Travel Demand Management
Travel Demand Management
Travel Demand Management (TDM) is a broad term to describe interventions designed to better manage the demand for travel. Such interventions generally exclude the provision of major infrastructure and aim to modify travel decisions so that the adverse impacts of travel can be reduced.
TDM strategies can generally be grouped into one of four areas: improved asset utilisation (e.g. high occupancy vehicle lanes), traffic restraint (e.g. car parking supply restrictions), pricing (e.g. road/cordon pricing) and urban and social changes (e.g. land use changes, travel behaviour change programs).

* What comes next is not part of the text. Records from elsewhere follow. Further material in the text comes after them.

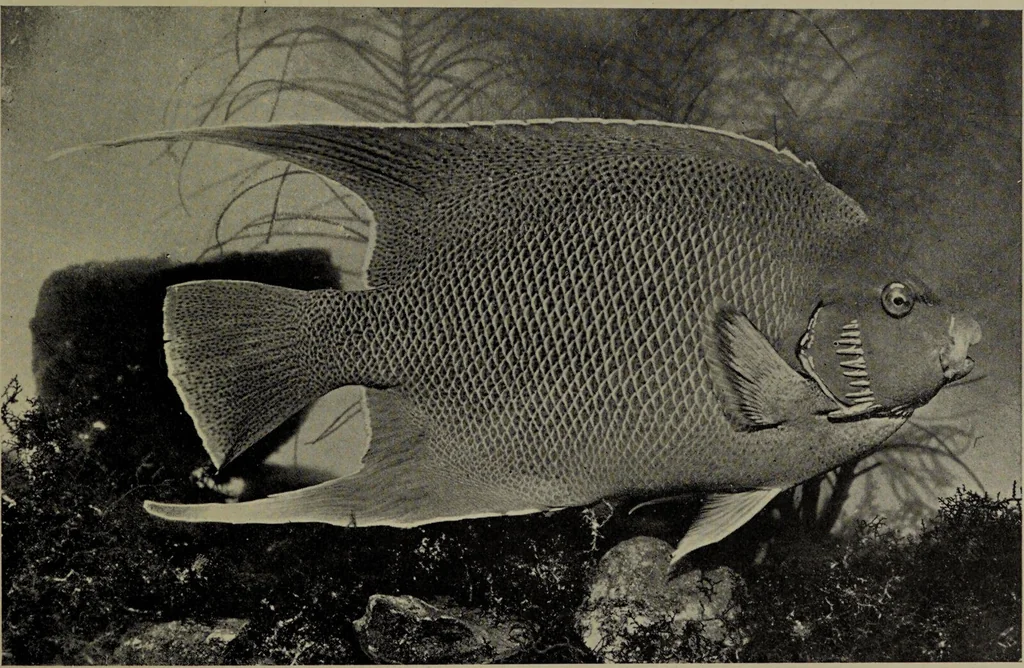 An illustration from American food and game fishes : A popular account of all the species found in America north of the equator / with keys for ready identification, life histories and methods of capture, by David Starr Jordan and Barton Warren Evermann, illustrated with colored plates and text drawings, and with photographs from life by A. Radclyffe Dugmore., 1902, leaf 673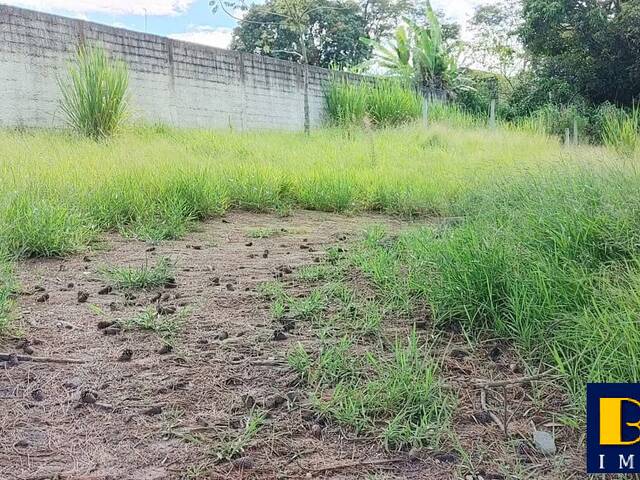 #8022 - Terreno para Venda em Jacareí - SP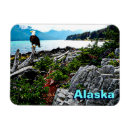 Suche nach adler magnete Tierwelt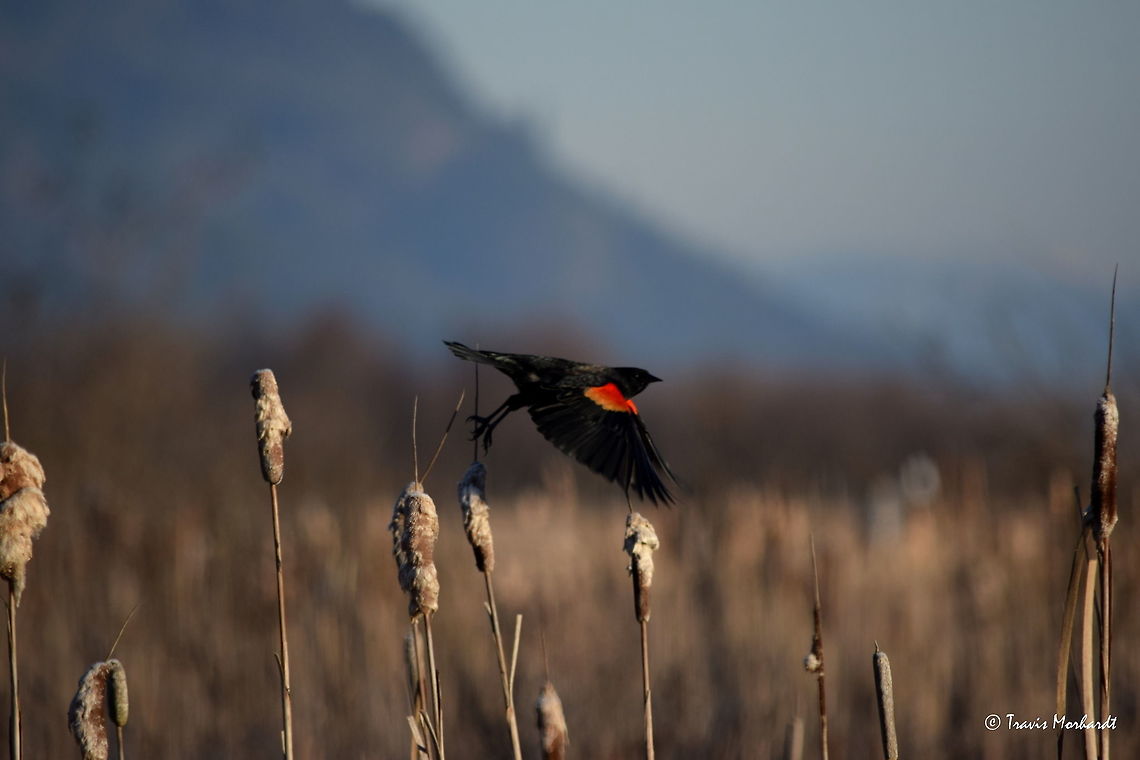 Red-winged Blackbird Takes Flight A red-winged blackbird takes flight from a cattail in north Idaho&#039;s Kootenai Wildlife Refuge. These birds are migratory and show up in late winter to early spring and are a welcome sign of warmer weather to come. Agelaius phoeniceus,Geotagged,Idaho,Red-winged blackbird,United States,Winter,birds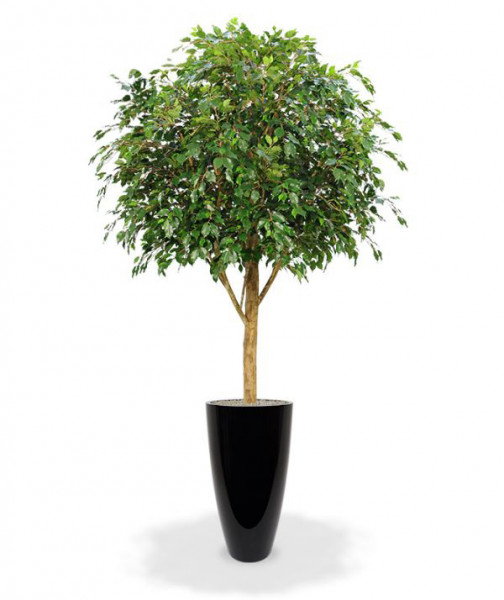 Ficus artificial - The Green Store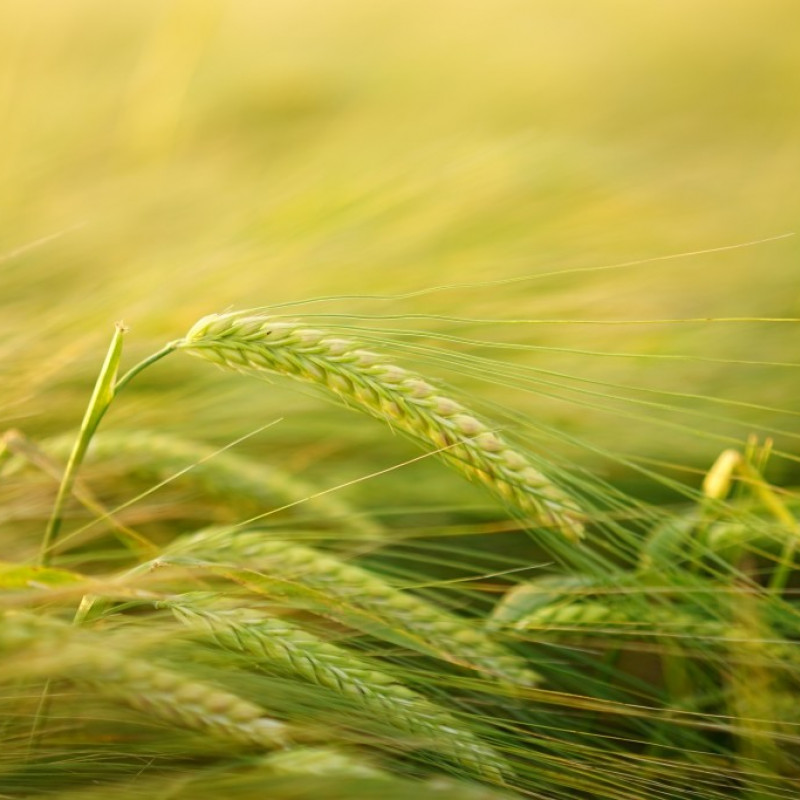 Convegno sull’agricoltura conservativa – montichiari (bs); 12 dicembre 2017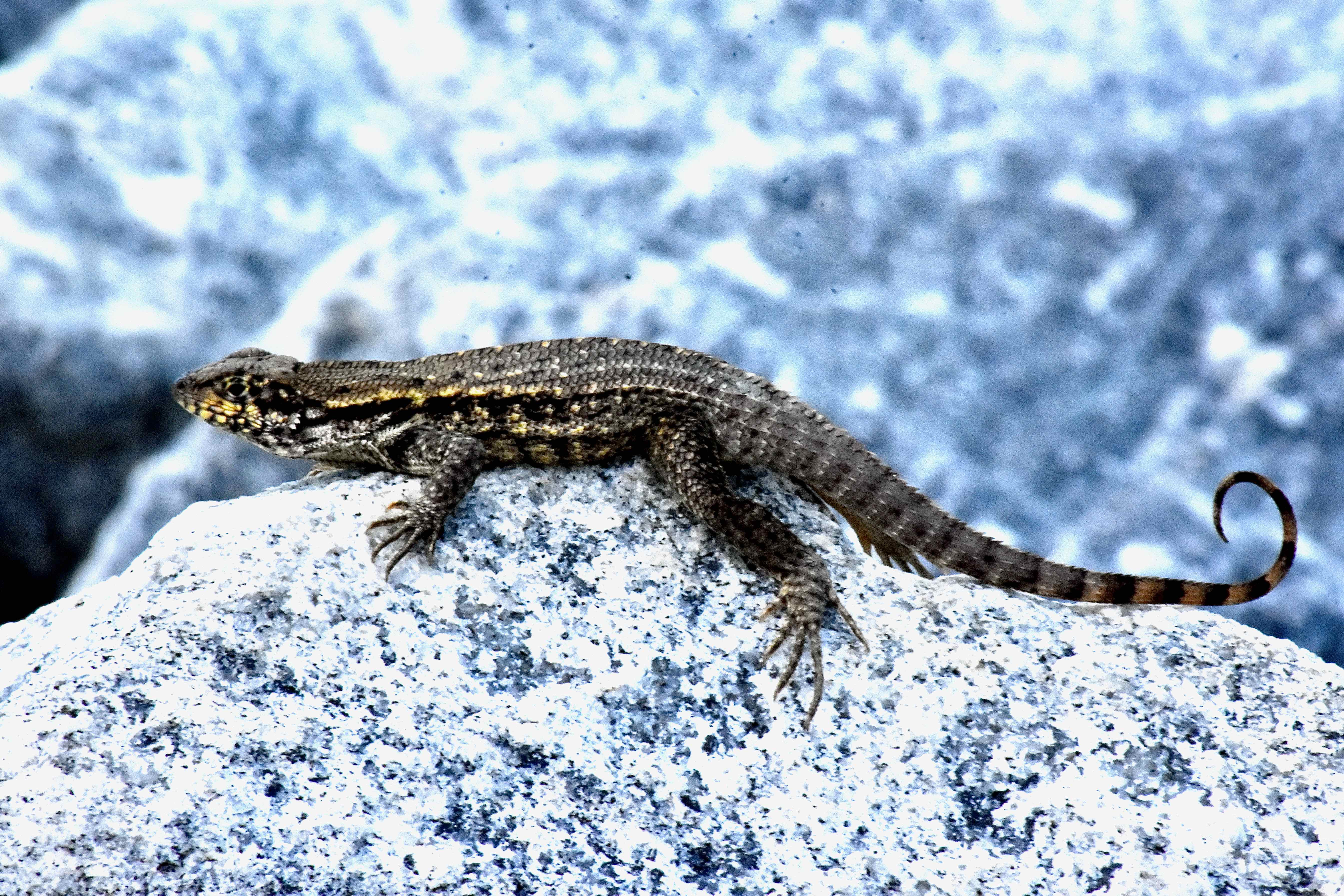 curly-tailed lizard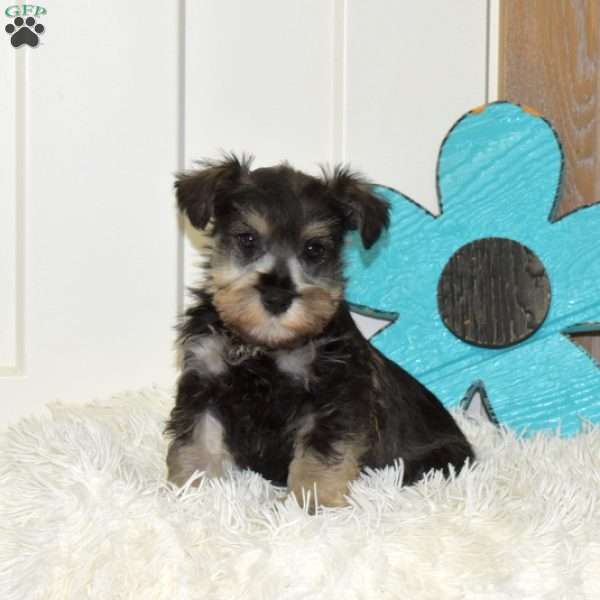 Asher, Miniature Schnauzer Puppy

This research area is relatively broad and covers the development, appraisal and evaluation of TDM initiatives, modelling of road pricing impacts, land use and travel behaviour interactions, car and bicycle parking policies, and travel behaviour change programs.
ITS Staff Contacts
Current Research Activities
In dense urban cities, the space for road construction is usually quite limited, thus new construction of road infrastructure is not a sustainable solution for the development of transport systems. In view of the expanding population and car ownership in urban areas, how to satisfy the people’s travel desires becomes a big challenge. Hence, traffic demand management is a sound solution for congestion mitigation: diverting traffic demand from congested areas to uncongested roads, so as to achieve a reasonable use of network resources. By reasonably setting toll charges in congested areas, drivers with lower value-of-time and low trip emergency would detour on the less congested or un-tolled roads. Our study on urban congestion pricing focuses on the determination of optimal charging locations as well as the optimal toll rate, with the aim of minimising congestion level on the entire transport network.
Contact: Dr Meead Saberi
Park and ride schemes in a multimodal transport network with travel time uncertainty
This research proposes a model to describe the driver’s mode choice and route choice, which are based on a combined cross nest logit (CNL) and user equilibrium (UE) model. Mathematical programming and varitional inequality are both used. We consider travel time uncertainty on roads which can affect both modal split and route choice. Multi-class demands are considered because different people have different requirements for the travel time and level of service which are not considered in other papers for PNR. Travel time uncertainty and multi-class are quite important for research of PNR for the researches in traffic assignment. Karush-Kuhn-Tucker (KKT) conditions can be used to show the correctness of this models. All the functions are monotone and continue, thus, it is obvious that the solutions of this model exits.
Contact: Dr Inhi Kim
Past Research Activities
Travel Demand Management for the Summer Olympic Games and Other Major Events
Researchers at ITS (Monash) have undertaken a large number of research projects for Summer Olympic Games host cities on the strategic approach to travel demand management (TDM) of games event and city access. ITS (Monash) were the official reviewers for the successful TDM London 2012 Games program and also advised on approaches to TDM implementation. This role was followed up with advisory assignments for the Rio 2016 games. ITS (Monash) was also commissioned by Centre for Excellence in Hajj and Umrah to review and assess plans for the Hajj Pilgrimage in Mecca, Saudi Arabia including an assessment of lessons which could be learned from TDM experience with the Summer Olympic Games.
Contact: Professor Graham Currie
Travel Plans for New Residential Developments
Travel plans can be required through the land use planning and approvals process as a way to encourage new residents to use more sustainable forms of transport. Initiatives delivered through a residential travel plan may include the provision of customised information on local transport options, distribution of free public transport tickets, car sharing facilities, and limited car parking provision. The aim of this research program was to assess the effectiveness of travel plans for new residential developments, but to also identify opportunities to enhance their effectiveness. Key results showed that car use was 14 percentage points lower at new residential developments with travel plans compared to matched control sites without travel plans.